THE PROBLEM
In the listing below, the lines starting at the line with "Now, one of" and ending at the line with "I've been doing" are to be output verbatim. Images stay out of the copy.
[[ DATA open ]]
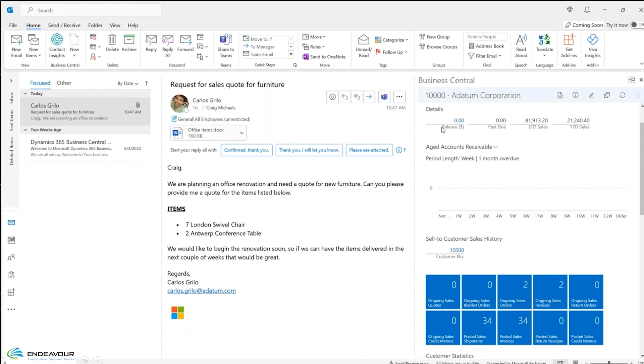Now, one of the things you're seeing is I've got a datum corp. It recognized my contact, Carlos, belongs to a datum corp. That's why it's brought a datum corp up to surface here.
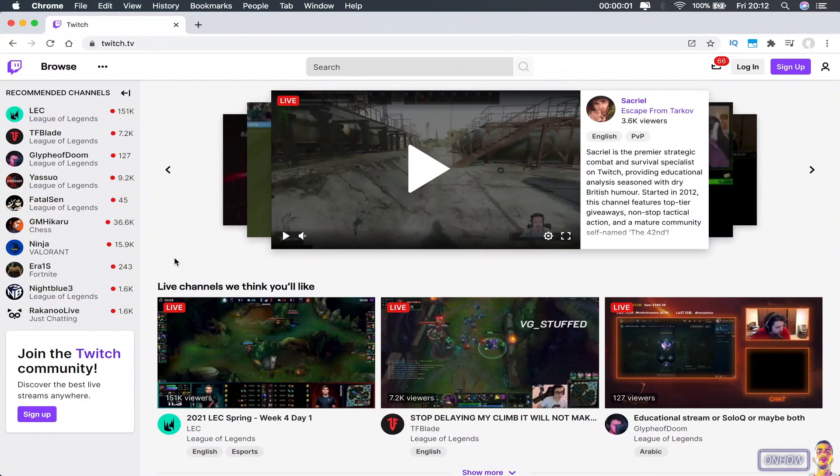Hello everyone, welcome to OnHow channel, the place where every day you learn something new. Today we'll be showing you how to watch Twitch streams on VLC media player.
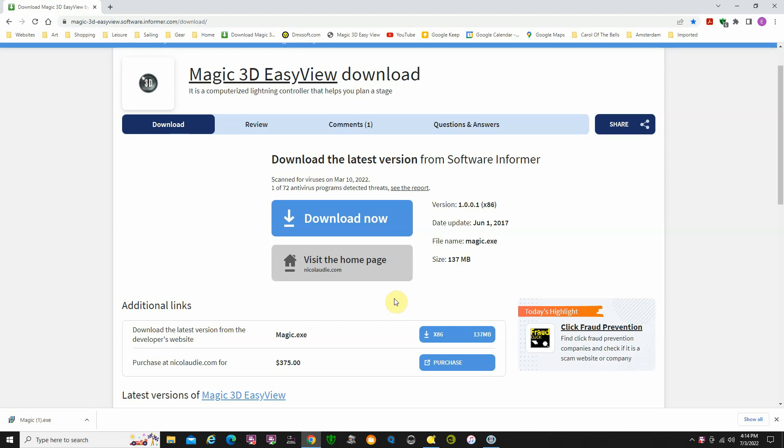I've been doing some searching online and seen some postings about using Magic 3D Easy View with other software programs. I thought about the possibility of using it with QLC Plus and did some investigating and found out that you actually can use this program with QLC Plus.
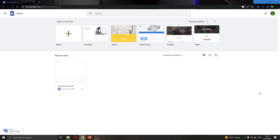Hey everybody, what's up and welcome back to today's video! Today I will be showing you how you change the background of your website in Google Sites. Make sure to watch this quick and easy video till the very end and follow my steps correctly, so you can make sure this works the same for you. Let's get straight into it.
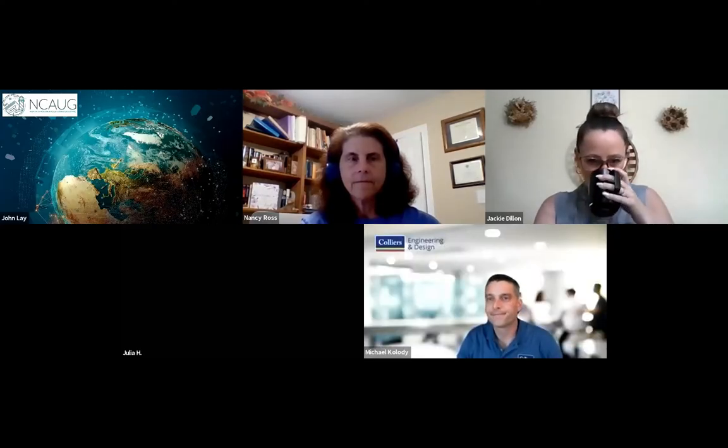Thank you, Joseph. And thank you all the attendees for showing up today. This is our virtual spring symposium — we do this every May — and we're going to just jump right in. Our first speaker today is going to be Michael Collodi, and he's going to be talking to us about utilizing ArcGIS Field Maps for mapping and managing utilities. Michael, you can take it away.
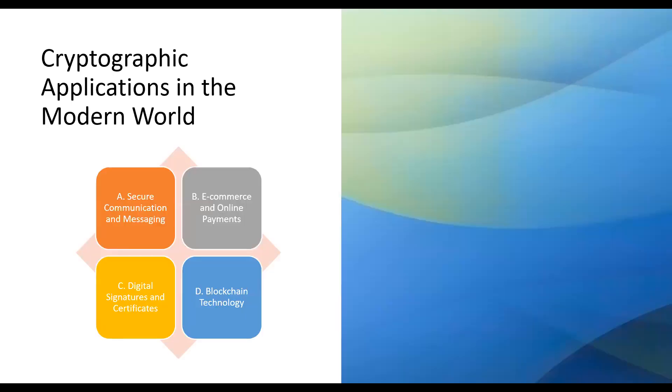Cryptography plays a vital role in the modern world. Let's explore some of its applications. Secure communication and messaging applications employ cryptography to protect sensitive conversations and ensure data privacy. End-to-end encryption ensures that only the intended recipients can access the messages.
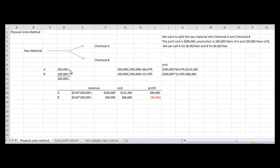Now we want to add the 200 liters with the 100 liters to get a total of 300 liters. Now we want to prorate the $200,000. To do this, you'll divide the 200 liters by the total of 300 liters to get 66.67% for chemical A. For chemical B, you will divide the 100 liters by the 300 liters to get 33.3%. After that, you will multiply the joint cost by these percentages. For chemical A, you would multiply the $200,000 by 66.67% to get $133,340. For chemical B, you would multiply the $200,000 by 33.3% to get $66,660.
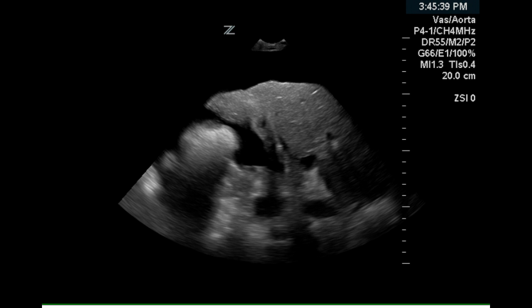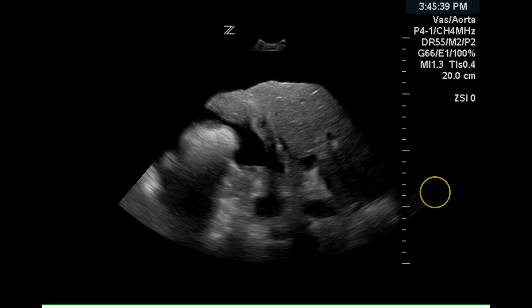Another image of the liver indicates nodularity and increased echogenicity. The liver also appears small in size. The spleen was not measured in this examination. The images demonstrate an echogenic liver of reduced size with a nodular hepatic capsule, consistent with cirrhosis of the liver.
[[ DATA closed ]]
[[ DATA open ]]
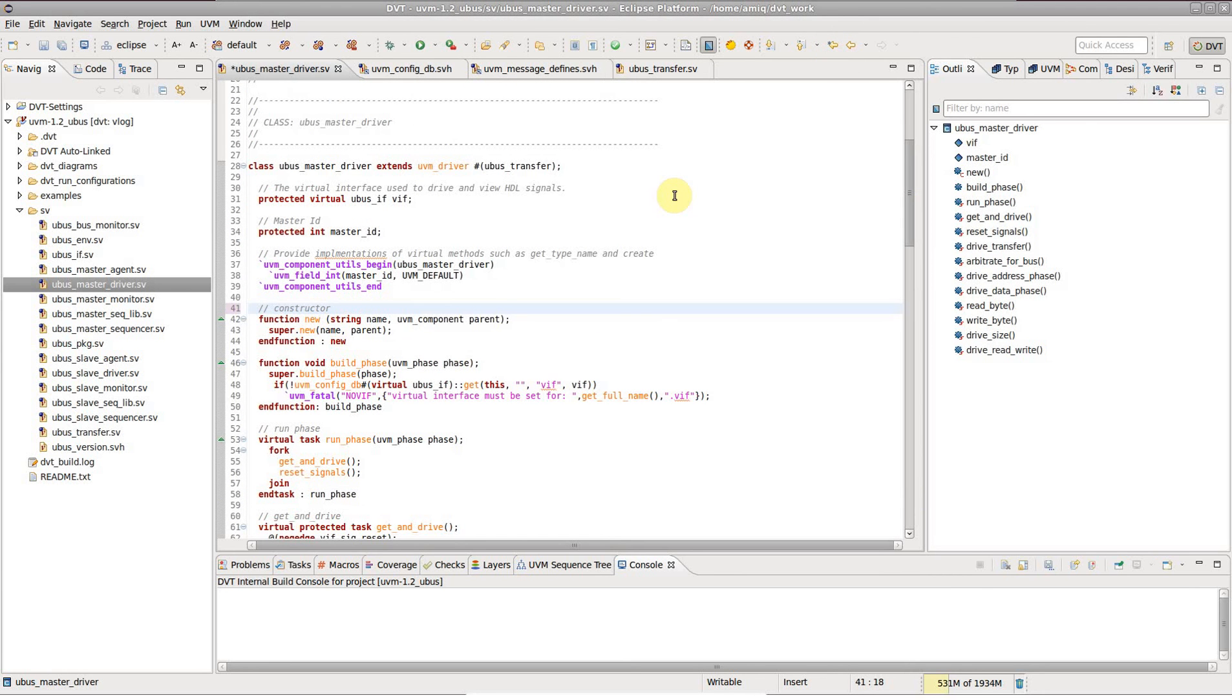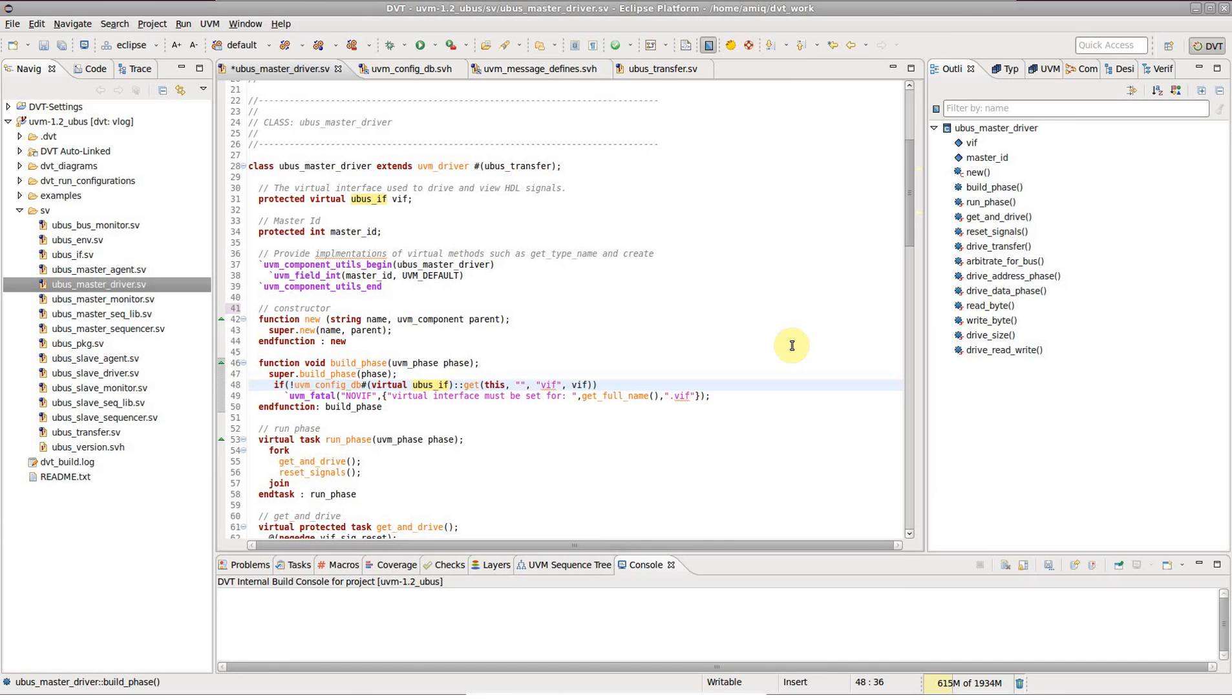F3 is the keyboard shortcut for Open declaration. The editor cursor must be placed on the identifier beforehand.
[[ DATA closed ]]
FINISHED EXERCISE
Now, one of the things you're seeing is I've got a datum corp. It recognized my contact, Carlos, belongs to a datum corp. That's why it's brought a datum corp up to surface here.
Hello everyone, welcome to OnHow channel, the place where every day you learn something new. Today we'll be showing you how to watch Twitch streams on VLC media player.
I've been doing some searching online and seen some postings about using Magic 3D Easy View with other software programs. I thought about the possibility of using it with QLC Plus and did some investigating and found out that you actually can use this program with QLC Plus.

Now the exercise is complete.